START EXERCISE DATA

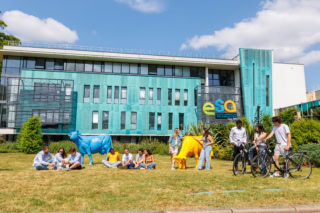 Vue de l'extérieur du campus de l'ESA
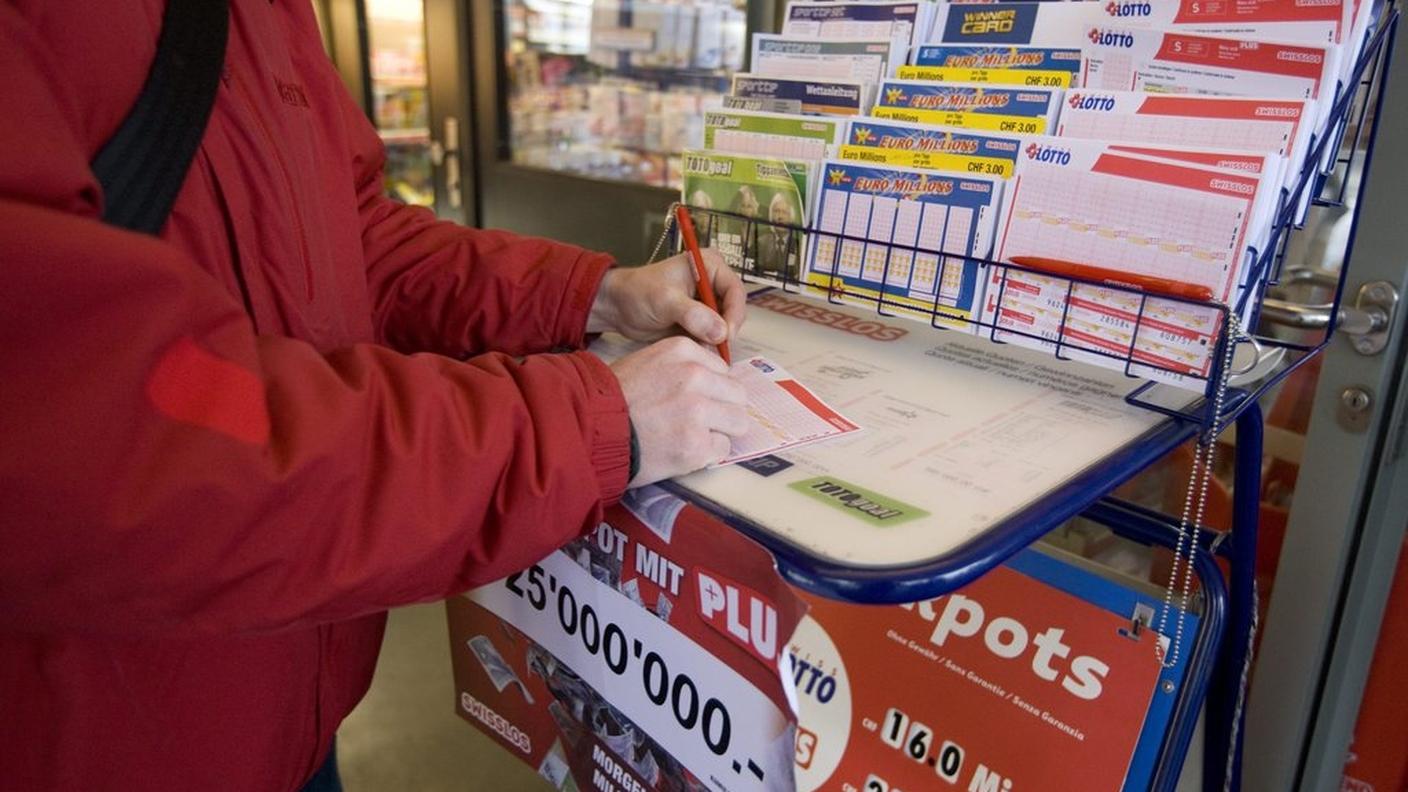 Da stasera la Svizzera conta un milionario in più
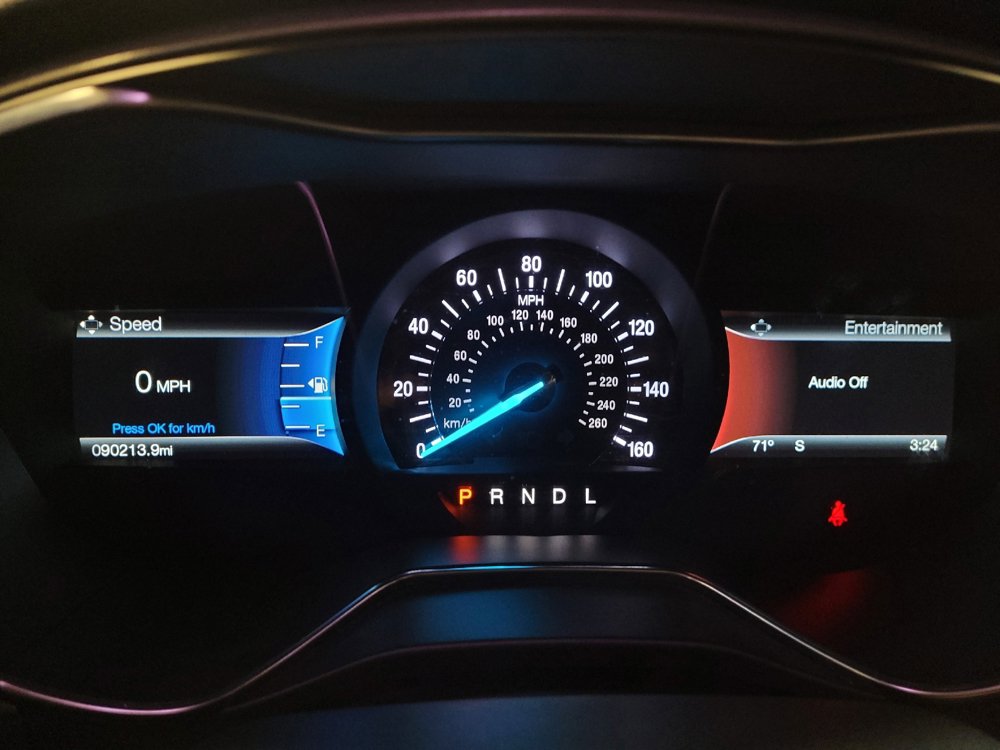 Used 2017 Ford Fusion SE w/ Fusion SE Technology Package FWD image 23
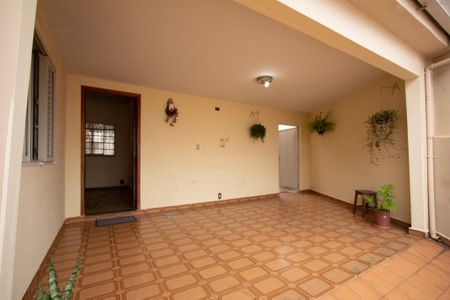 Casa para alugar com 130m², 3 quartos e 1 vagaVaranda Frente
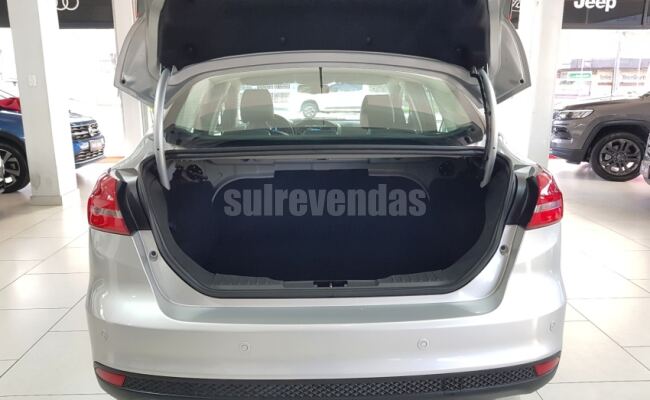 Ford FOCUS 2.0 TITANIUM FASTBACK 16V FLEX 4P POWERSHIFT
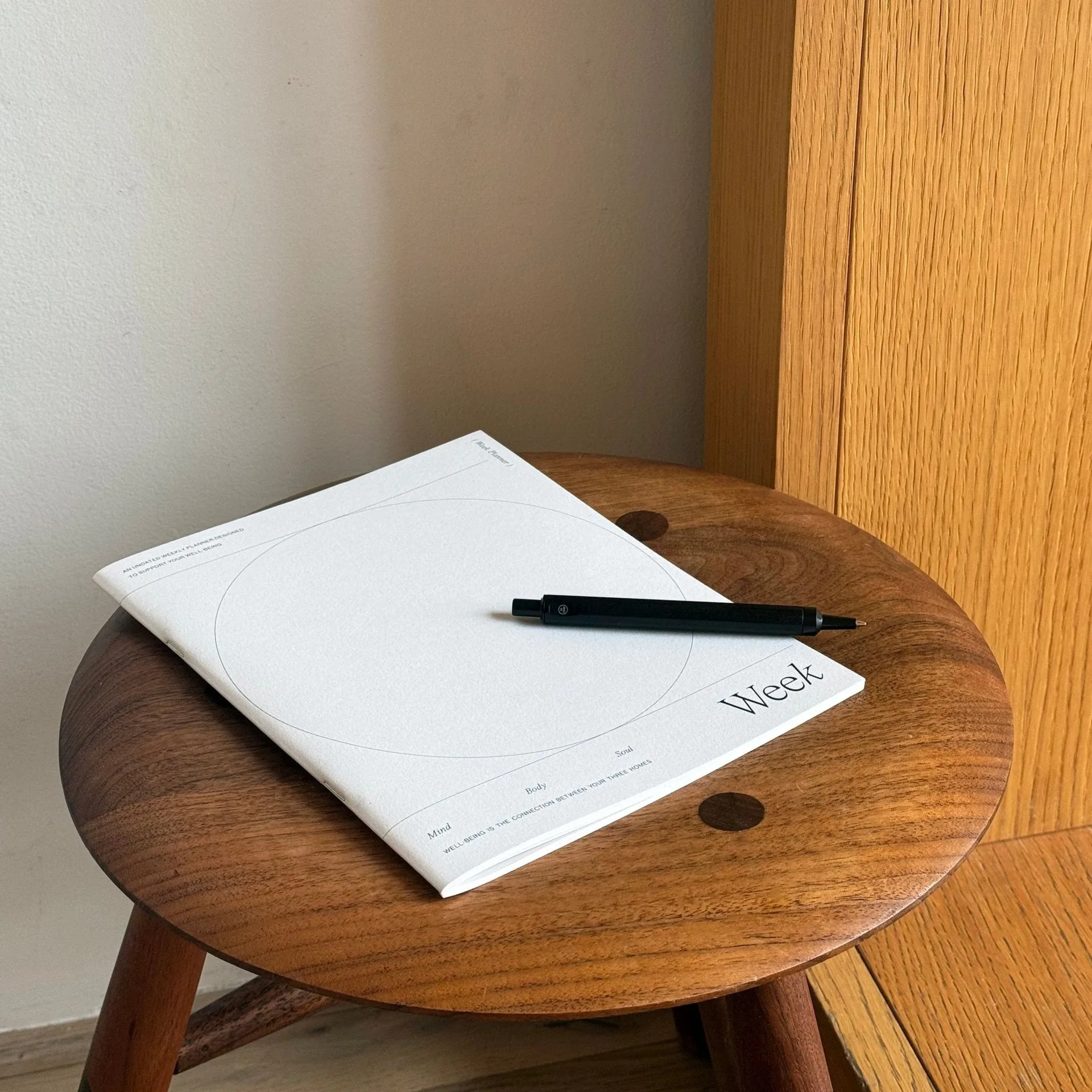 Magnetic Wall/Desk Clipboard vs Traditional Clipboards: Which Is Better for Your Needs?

END EXERCISE DATA
START EXERCISE DATA

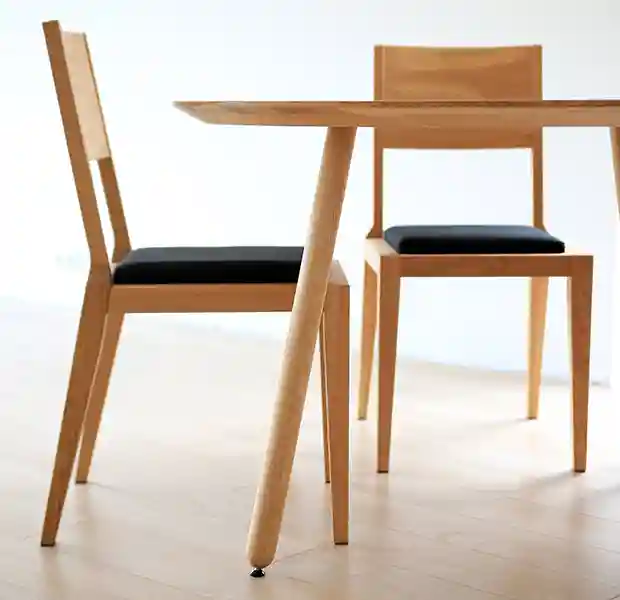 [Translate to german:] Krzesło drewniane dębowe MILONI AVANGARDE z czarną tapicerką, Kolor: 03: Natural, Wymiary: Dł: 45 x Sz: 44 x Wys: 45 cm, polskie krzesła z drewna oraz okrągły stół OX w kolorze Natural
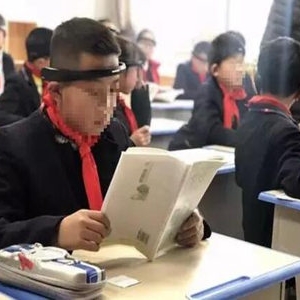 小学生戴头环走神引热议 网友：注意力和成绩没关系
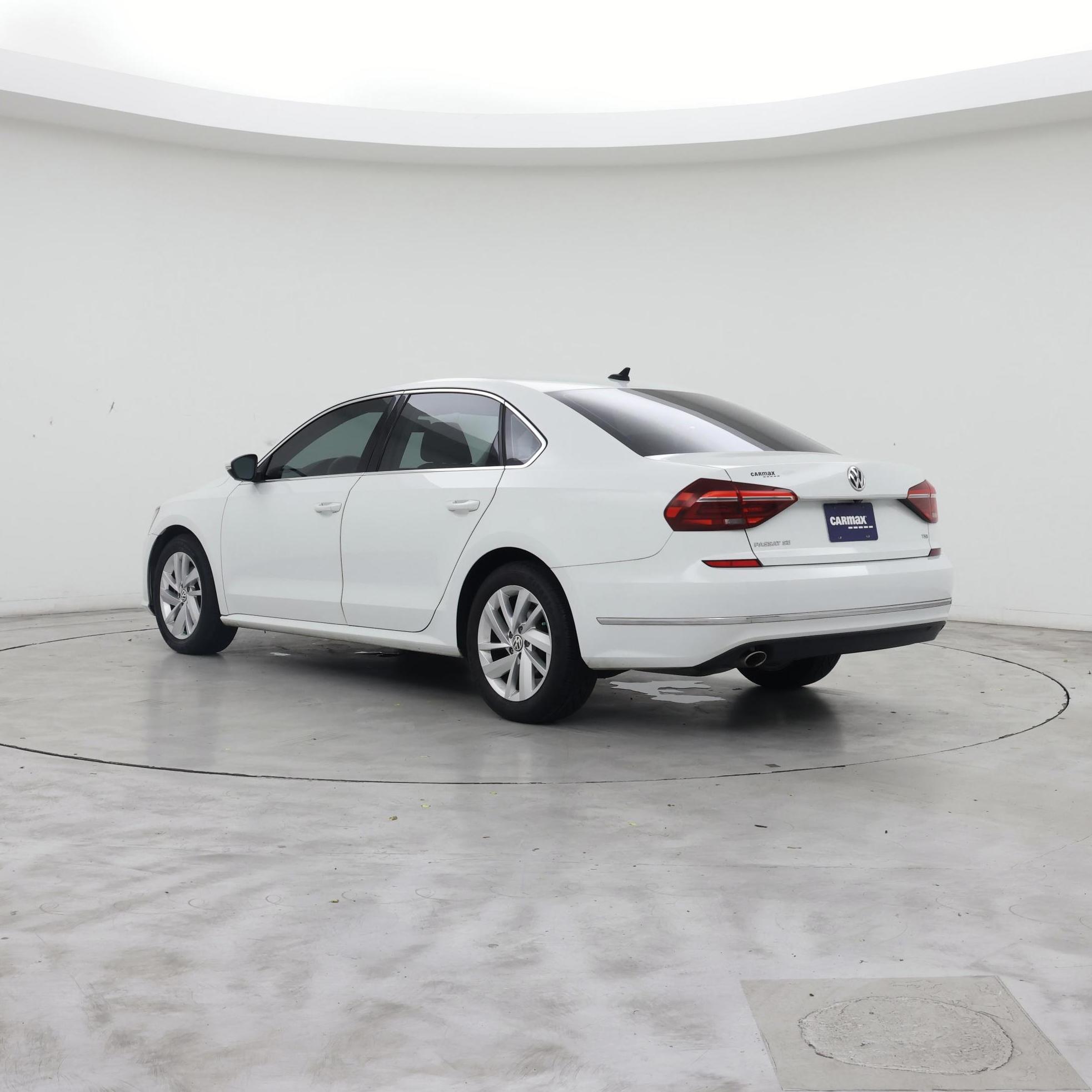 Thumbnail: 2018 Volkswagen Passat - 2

END EXERCISE DATA
START EXERCISE DATA

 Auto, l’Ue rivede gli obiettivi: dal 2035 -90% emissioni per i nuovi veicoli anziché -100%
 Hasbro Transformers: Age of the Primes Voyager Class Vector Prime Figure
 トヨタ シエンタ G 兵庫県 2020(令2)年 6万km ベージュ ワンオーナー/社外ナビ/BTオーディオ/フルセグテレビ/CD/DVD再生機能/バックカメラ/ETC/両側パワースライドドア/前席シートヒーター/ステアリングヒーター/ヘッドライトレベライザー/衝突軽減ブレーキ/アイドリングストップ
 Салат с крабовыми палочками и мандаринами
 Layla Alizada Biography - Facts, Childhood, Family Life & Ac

END EXERCISE DATA

**WORK INSTRUCTIONS**
Reproduce word for word, with pictures dropped, only the part of the material above that opens with the line containing "[Translate to german:]" and closes with the line containing "Thumbnail: 2018 Volkswagen Passat - 2".

**WORKED SOLUTION**
 [Translate to german:] Krzesło drewniane dębowe MILONI AVANGARDE z czarną tapicerką, Kolor: 03: Natural, Wymiary: Dł: 45 x Sz: 44 x Wys: 45 cm, polskie krzesła z drewna oraz okrągły stół OX w kolorze Natural
 小学生戴头环走神引热议 网友：注意力和成绩没关系
 Thumbnail: 2018 Volkswagen Passat - 2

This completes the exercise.